Mrs. Ly had carefully prepared questions on 2 pages to learn more from the Autism Spectrum Disorder Specialist on her precious son Minh’s situation. He then pointed out the struggles that her son was likely to encounter in daily life and suggested a strategic approach to help him cope with them.
“I burst into tears when I was given professional advice from the expert because I knew it could help to improve my son’s life”. Those were the thoughts of Mrs. Ly, a mother of a child with autism who attended the “Early intervention for children with autism” conference on July 18th with the assistance of an Autism Spectrum Disorder Specialist from UK. This meant that she and her son were finally able to overcome one of Minh’s biggest fears to achieve a seemingly minimal task to other children: getting a haircut.
(Minh is learning English)
Minh is 5 years old. He was diagnosed with Autism Spectrum Disorder when he was 4. To him, small tasks such as getting a haircut or brushing teeth were challenging. Minh was so afraid of getting his hair cut that a brief glimpse of the barber would cause him to cry and panic. He was uncooperative and often screamed and ran away, “messing up the whole shop,” as his mother described it. Luckily, the barber was very understanding to his situation and was always patient and encouraging, though it often took him the whole hour to get Minh’s hair done.

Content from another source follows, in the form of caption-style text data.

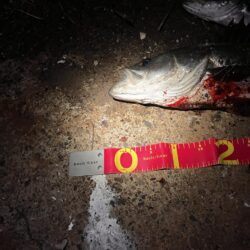 短釣でもバチ抜けで連発！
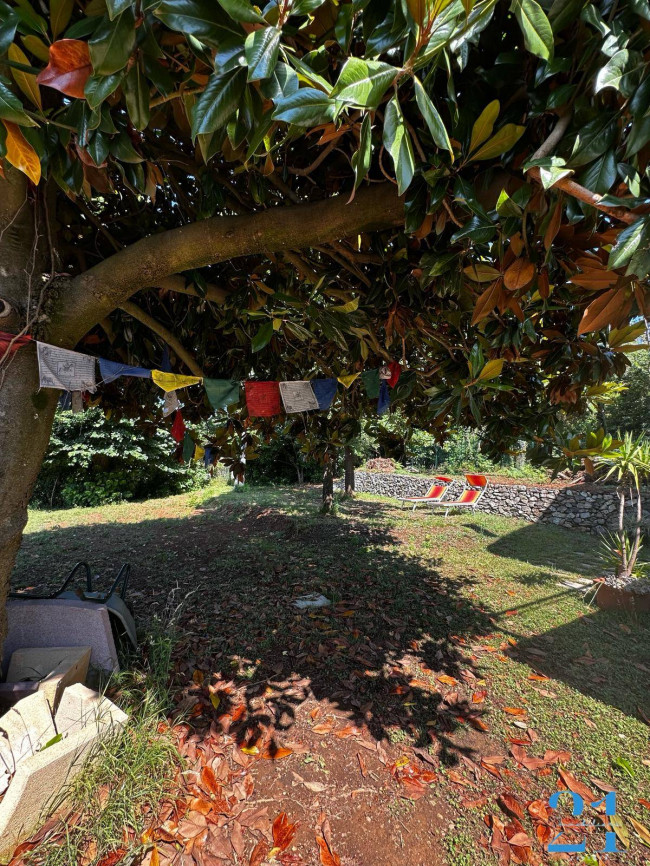 Villa in affitto a Celle Ligure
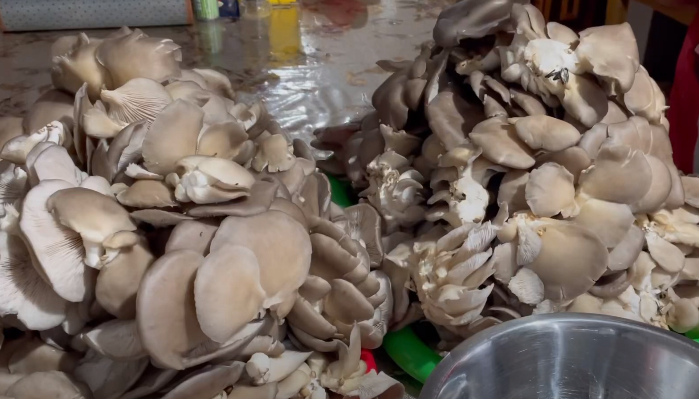 Мариновані ГЛИВИ на зиму. Ділюсь 2 способами приготування найсмачніших грибочків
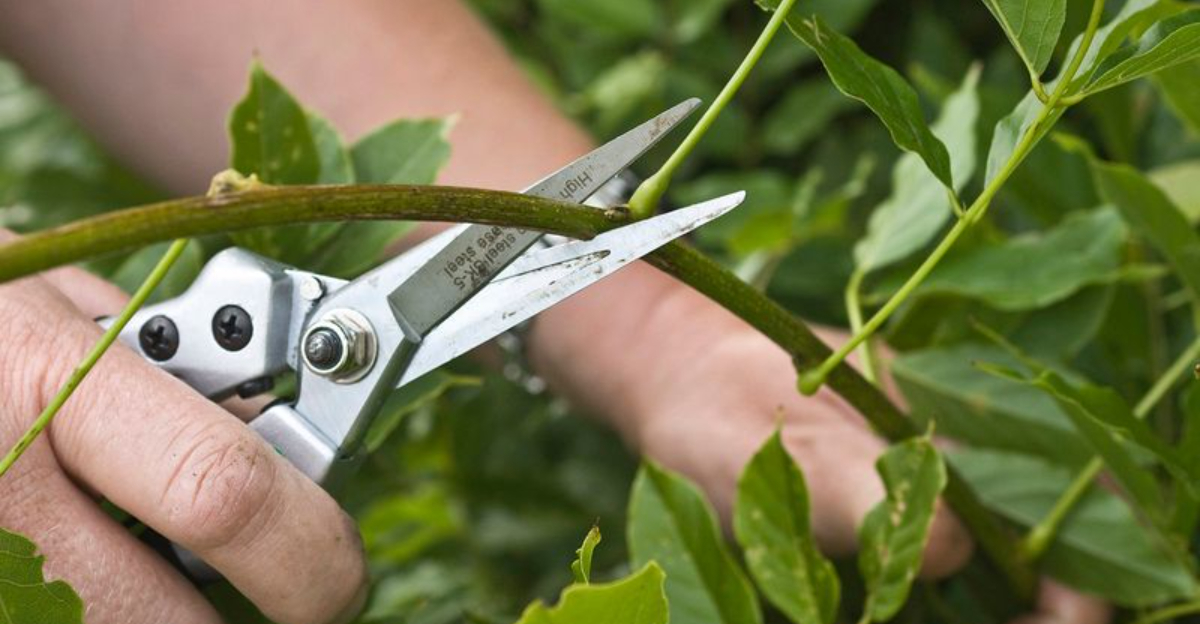 Fall Garden Mistakes Every Colorado Homeowner Should Know About - Decor Hint Fall Garden Mistakes Every Colorado Homeowner Should Know About - Decor Hint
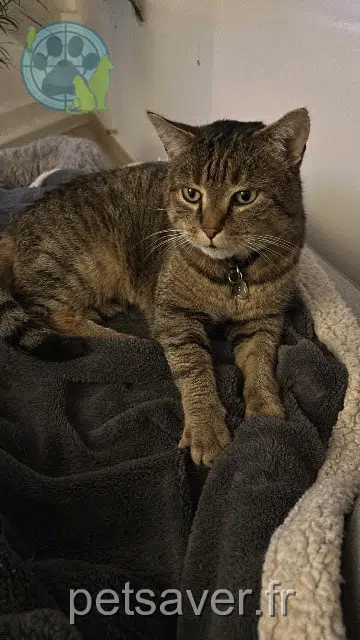 chat lost 74160 Saint-Julien-en-Genevois Merlin
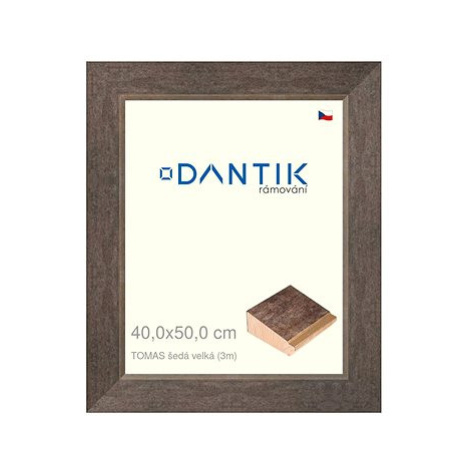 DANTIK rámeček 40 × 50, TOMAS šedý velký sklo čiré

However, things changed after this mother’s meeting with the experts. There, she learned lots of information about her son’s behaviour and how to respond accordingly. Now, she was able to understand that he needs a quiet environment, so he can feel safe. For example, she would ask the barber to turn off the radio, leaving only the sound of his favourite Superman show. During the hair cutting process, when he was most scared and most susceptible, she held her son close and showered him with compliments: “5 more minutes, honey… I love you… You’re so brave… You’re a superhero…”

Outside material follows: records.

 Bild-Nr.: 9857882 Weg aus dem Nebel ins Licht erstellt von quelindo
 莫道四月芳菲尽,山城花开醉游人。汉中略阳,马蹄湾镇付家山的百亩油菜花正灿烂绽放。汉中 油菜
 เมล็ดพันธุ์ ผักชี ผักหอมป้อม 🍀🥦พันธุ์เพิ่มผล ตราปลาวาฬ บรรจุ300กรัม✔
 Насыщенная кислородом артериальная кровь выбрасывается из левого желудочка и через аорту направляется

With his mom standing by his side comforting him, Minh relaxed and began to cooperate. He sat still and allowed the barber to cut his hair. The barber would start to cut from where he ‘felt most comfortable with’. Throughout the whole time, he did not cry or beg to leave as he had used to. After 15 minutes, he grabbed his mother’s phone and ran away, teasing, “Mom run… A. run… Done… Run… Run…” His hair was fully cut this time, leaving only a short portion at the nape – but it was enough.
That day, the barber’s shop was full of laughter. The barber and his wife couldn’t stop saying, “He’s doing so well today!” Mrs. Ly’s heart almost burst of joy and pride. After more than 2 hours of listening to the experts, asking questions, and learning strange terminology and concepts, her endless efforts now reaped sweet fruits. For the first time in 3 years, Minh achieved an entirely new ‘record’: getting his hair cut in only 15 minutes.
Mrs. Ly was one of almost 80 parents of children with autism who came to the “Early intervention” conference collaboratively hosted by Saigonchildren. The story of her son’s haircut, as well as many from others, are the biggest source of motivation for Saigonchildren to continue to develop our Special Education Program to bring practical assistance to disabled children and their family.
Note: Names have been changed to protect the family’s privacy.